Villota C, Campos A, Vidaurre S, Oliveira-Cruz L, Boccardo E, Burzio VA, Varas M, Villegas J, Villa LL, Valenzuela PD, Socías M, Roberts S, Burzio LO - J. Biol. Chem. (2012)

Bottom Line: Transduction of HFK with both E6 and E7 is sufficient to induce expression of SncmtRNA-2.Moreover, E2 oncogene is involved in down-regulation of the ASncmtRNAs.Knockdown of E2 in immortalized cells reestablishes in a reversible manner the expression of the ASncmtRNAs, suggesting that endogenous cellular factors(s) could play functions analogous to E2 during non-HPV-induced oncogenesis.

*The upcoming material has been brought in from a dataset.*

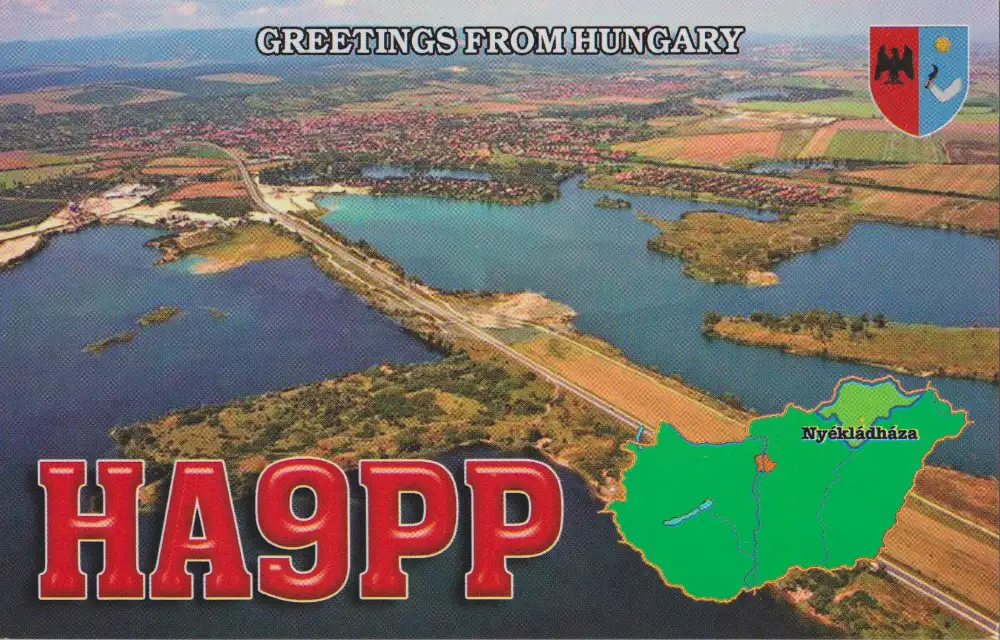 Carte QSL de l’indicatif radioamateur HA9PP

View Article: PubMed Central - PubMed

Affiliation: Andes Biotechnologies SA, Fundación Ciencia para la Vida, Zanartu 1482 7782272, Chile. claudio.villota@gmail.com

ABSTRACT
The study of RNA and DNA oncogenic viruses has proved invaluable in the discovery of key cellular pathways that are rendered dysfunctional during cancer progression. An example is high risk human papillomavirus (HPV), the etiological agent of cervical cancer. The role of HPV oncogenes in cellular immortalization and transformation has been extensively investigated. We reported the differential expression of a family of human mitochondrial non-coding RNAs (ncRNAs) between normal and cancer cells. Normal cells express a sense mitochondrial ncRNA (SncmtRNA) that seems to be required for cell proliferation and two antisense transcripts (ASncmtRNAs). In contrast, the ASncmtRNAs are down-regulated in cancer cells. To shed some light on the mechanisms that trigger down-regulation of the ASncmtRNAs, we studied human keratinocytes (HFK) immortalized with HPV. Here we show that immortalization of HFK with HPV-16 or 18 causes down-regulation of the ASncmtRNAs and induces the expression of a new sense transcript named SncmtRNA-2. Transduction of HFK with both E6 and E7 is sufficient to induce expression of SncmtRNA-2. Moreover, E2 oncogene is involved in down-regulation of the ASncmtRNAs. Knockdown of E2 in immortalized cells reestablishes in a reversible manner the expression of the ASncmtRNAs, suggesting that endogenous cellular factors(s) could play functions analogous to E2 during non-HPV-induced oncogenesis.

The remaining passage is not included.